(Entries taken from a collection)
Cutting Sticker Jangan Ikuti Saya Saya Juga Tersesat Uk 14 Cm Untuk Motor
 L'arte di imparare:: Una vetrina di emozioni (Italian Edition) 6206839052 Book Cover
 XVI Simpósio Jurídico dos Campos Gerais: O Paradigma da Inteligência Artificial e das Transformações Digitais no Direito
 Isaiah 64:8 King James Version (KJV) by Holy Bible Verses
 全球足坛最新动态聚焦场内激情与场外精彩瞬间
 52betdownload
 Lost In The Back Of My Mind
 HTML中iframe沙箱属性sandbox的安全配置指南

• [DESCRIPTION OF THE TASK]
Give back the data above, repeating every record exactly.

• [RESPONSE BOX]
Cutting Sticker Jangan Ikuti Saya Saya Juga Tersesat Uk 14 Cm Untuk Motor
 L'arte di imparare:: Una vetrina di emozioni (Italian Edition) 6206839052 Book Cover
 XVI Simpósio Jurídico dos Campos Gerais: O Paradigma da Inteligência Artificial e das Transformações Digitais no Direito
 Isaiah 64:8 King James Version (KJV) by Holy Bible Verses
 全球足坛最新动态聚焦场内激情与场外精彩瞬间
 52betdownload
 Lost In The Back Of My Mind
 HTML中iframe沙箱属性sandbox的安全配置指南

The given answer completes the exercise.